UKinbound has written to London’s mayor, warning that some of its members could see operating licence fees soar by 10,000% under new transport requirements and plans, writes Angie Cronin.
The inbound tourism body is asking for a new categorisation of private hire drivers that recognises the difference between mini-cabs and driver guides/chauffeurs.
UKinbound claims that new requirements from Transport for London for transport providers working in the capital will have an unfair impact on private hire operators, vehicles and drivers who provide a vital service for international tourists.
In its letter to Sadiq Kahn, UKinbound highlighted its concerns about increasing costs for guides and chauffeurs following the removal of their exemption from the congestion charge; the introduction of geographical licences that mean drivers are only allowed to work in certain areas; and new requirements that businesses must have manned phone lines at a fixed address for the whole time any driver is on a job.
UKinbound chairman Mark McVay said: “UKinbound of course supports the Mayor’s plan to make London a healthier and more pleasant environment for all. However, some of the new transport requirements and proposals will have an adverse impact on the tourism industry when we should be ensuring that we make the experience for our international visitors as easy as possible.

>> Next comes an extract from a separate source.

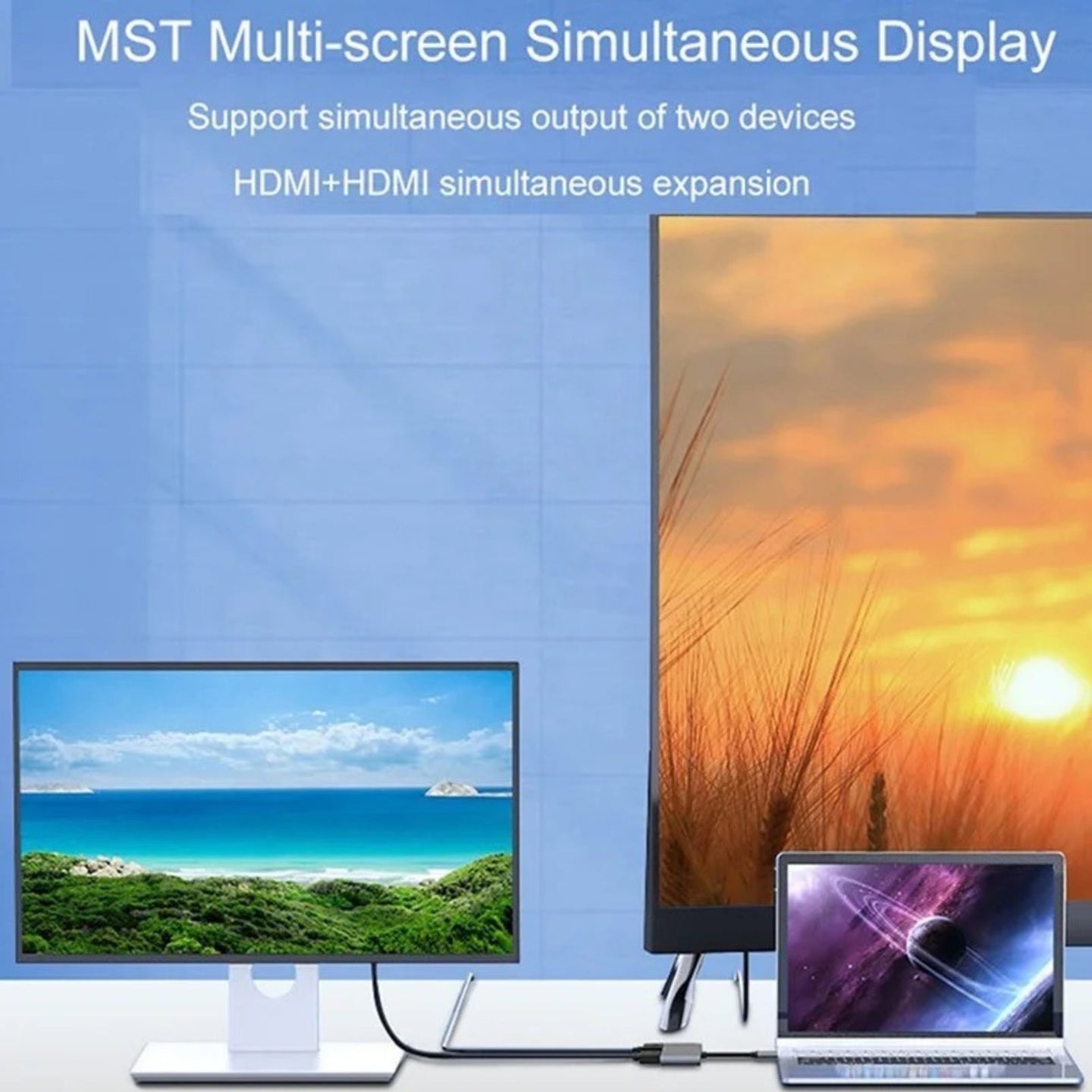 4 In 1 4K Dual Monitor HDMI Video Type-C Hub Docking Station USB C To Dual 4K HDMI MST Adapter With 2 HDMI USB 3.0 and PD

“One of our smaller tour operator members informed us that their operating licence fees alone will increase by 10,000% under the proposals. We are therefore urging the mayor to review the new requirements and put in place exemptions for driver guides/chauffeurs…a measure that would safeguard jobs in our valuable tourism industry.”
Kristine Bileskalne, managing director ofTiernan Travel, added: “As an inbound tour operator, a substantial part of our business is chauffeur-driven tours within the UK. Our preference is to support independent blue badge driver guides and so we are worried about the impact of these proposed price increases on our business.”
London is the gateway to the rest of the UK for the majority of international tourists, with more than 50% just visiting London alone.